| Assignment |
Output the data below line for line, exactly, up to and including the line where "How to Unsave" appears.

-------- Records for the exercise

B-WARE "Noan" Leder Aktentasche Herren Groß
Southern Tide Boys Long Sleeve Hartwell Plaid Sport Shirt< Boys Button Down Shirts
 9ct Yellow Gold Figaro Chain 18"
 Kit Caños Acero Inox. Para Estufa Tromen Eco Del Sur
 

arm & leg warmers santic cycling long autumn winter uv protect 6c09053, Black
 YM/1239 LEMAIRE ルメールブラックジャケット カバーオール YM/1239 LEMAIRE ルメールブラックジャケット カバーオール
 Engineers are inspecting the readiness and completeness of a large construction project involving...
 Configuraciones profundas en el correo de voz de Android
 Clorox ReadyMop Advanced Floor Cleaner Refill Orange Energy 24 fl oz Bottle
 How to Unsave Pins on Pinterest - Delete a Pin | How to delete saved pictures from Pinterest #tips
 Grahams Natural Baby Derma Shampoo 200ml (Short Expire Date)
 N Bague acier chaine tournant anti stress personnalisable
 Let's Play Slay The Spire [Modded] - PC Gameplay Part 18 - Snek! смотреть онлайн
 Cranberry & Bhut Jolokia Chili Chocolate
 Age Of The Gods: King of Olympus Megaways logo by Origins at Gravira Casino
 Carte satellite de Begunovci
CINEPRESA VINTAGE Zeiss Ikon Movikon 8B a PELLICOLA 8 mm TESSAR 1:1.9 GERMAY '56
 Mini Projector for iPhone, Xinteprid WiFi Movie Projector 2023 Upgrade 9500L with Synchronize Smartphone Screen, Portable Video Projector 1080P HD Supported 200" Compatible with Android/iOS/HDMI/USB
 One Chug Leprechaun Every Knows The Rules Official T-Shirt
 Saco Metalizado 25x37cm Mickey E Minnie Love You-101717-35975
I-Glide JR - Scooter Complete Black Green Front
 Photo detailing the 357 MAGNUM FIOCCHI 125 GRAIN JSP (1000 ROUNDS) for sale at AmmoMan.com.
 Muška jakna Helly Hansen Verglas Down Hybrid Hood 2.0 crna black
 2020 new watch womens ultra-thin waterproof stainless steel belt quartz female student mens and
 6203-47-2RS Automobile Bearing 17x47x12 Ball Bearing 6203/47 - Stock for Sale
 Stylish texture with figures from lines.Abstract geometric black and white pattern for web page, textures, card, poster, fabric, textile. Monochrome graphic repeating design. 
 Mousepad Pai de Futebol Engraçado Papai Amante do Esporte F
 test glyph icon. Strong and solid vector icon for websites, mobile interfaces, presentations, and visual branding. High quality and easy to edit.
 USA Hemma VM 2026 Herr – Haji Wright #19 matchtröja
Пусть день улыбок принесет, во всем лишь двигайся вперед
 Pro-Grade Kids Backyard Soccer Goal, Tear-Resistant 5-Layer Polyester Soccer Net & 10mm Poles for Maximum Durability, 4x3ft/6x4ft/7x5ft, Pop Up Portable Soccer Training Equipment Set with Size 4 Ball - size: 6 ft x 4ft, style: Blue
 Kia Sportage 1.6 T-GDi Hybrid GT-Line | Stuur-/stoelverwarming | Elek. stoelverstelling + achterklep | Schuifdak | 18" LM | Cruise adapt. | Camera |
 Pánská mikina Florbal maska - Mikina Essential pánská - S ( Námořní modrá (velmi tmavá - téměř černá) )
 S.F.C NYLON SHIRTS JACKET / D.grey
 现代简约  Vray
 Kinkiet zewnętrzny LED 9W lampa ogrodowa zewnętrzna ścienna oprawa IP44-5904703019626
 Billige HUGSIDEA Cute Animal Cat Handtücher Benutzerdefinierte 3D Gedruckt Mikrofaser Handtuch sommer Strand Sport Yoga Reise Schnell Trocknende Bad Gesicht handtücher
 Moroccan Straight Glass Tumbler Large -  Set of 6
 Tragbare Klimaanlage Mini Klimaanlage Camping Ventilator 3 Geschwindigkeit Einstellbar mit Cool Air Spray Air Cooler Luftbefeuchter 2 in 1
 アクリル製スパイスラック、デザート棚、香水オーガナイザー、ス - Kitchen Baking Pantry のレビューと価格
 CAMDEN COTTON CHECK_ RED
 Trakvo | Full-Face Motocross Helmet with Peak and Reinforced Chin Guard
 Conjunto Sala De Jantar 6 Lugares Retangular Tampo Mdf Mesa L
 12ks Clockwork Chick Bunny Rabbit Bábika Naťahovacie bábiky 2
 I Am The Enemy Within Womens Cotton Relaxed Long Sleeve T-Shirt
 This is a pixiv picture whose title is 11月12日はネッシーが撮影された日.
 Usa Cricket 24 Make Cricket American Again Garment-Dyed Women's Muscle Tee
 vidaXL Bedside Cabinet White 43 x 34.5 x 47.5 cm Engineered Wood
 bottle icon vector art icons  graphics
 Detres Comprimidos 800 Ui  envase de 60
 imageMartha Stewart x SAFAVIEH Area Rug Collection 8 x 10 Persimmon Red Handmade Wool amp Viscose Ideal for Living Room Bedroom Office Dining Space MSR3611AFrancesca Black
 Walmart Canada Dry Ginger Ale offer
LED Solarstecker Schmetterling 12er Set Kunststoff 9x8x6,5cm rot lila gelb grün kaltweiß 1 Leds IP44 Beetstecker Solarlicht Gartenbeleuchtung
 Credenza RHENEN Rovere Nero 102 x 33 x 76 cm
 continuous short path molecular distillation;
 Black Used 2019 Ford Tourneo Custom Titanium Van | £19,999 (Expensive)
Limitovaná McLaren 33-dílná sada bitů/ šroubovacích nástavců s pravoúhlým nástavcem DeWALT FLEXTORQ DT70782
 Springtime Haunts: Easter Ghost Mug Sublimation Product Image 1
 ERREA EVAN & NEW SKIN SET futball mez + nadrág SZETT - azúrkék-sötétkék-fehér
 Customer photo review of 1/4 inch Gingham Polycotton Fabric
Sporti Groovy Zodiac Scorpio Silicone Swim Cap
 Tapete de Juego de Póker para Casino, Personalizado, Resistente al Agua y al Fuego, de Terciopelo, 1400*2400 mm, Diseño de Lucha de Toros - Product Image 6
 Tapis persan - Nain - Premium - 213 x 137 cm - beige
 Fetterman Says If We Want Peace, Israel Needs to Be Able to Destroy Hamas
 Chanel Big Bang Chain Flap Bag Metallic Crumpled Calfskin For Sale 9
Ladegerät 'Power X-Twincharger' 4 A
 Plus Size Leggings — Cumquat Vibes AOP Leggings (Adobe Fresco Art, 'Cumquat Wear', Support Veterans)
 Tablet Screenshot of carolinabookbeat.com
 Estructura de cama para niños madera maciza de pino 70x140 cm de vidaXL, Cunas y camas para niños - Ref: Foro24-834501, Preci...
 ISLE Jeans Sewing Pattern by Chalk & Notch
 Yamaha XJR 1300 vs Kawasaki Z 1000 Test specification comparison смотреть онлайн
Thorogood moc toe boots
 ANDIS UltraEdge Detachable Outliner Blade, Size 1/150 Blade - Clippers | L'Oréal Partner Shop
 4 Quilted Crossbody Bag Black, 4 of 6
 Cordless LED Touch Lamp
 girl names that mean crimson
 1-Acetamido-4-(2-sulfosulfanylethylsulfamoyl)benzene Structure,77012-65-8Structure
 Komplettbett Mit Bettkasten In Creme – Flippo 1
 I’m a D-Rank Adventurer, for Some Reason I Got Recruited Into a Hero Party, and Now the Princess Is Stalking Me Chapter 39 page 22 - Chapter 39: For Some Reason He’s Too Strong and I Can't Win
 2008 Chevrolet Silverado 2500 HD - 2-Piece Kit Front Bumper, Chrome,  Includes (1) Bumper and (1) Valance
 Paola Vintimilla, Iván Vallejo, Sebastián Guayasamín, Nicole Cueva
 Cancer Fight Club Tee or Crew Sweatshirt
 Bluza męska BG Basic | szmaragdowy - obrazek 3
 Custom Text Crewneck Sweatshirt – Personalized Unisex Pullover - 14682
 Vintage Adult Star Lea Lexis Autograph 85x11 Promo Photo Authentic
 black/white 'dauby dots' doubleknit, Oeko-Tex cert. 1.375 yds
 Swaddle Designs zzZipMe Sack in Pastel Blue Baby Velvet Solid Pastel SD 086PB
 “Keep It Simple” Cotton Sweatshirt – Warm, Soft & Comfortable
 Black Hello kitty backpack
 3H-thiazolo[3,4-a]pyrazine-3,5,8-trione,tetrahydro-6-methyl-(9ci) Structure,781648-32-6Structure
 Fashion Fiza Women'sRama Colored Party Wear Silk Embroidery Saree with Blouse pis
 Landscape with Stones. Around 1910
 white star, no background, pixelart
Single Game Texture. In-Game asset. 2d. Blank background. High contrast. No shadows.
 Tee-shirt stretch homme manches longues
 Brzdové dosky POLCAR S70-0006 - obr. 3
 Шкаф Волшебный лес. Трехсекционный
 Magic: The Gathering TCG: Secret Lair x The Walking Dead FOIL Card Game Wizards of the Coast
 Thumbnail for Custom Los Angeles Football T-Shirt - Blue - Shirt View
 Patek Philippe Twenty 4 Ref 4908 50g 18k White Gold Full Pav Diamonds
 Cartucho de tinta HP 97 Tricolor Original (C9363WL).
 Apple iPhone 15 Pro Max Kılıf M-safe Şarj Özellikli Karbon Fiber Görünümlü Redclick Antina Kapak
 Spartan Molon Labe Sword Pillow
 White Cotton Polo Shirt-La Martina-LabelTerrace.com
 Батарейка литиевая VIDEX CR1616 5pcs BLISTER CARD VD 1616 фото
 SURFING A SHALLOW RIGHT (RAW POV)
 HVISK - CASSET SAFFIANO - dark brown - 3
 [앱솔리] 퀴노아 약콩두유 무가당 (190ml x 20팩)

----------------

| Solved problem |
B-WARE "Noan" Leder Aktentasche Herren Groß
Southern Tide Boys Long Sleeve Hartwell Plaid Sport Shirt< Boys Button Down Shirts
 9ct Yellow Gold Figaro Chain 18"
 Kit Caños Acero Inox. Para Estufa Tromen Eco Del Sur
 

arm & leg warmers santic cycling long autumn winter uv protect 6c09053, Black
 YM/1239 LEMAIRE ルメールブラックジャケット カバーオール YM/1239 LEMAIRE ルメールブラックジャケット カバーオール
 Engineers are inspecting the readiness and completeness of a large construction project involving...
 Configuraciones profundas en el correo de voz de Android
 Clorox ReadyMop Advanced Floor Cleaner Refill Orange Energy 24 fl oz Bottle
 How to Unsave Pins on Pinterest - Delete a Pin | How to delete saved pictures from Pinterest #tips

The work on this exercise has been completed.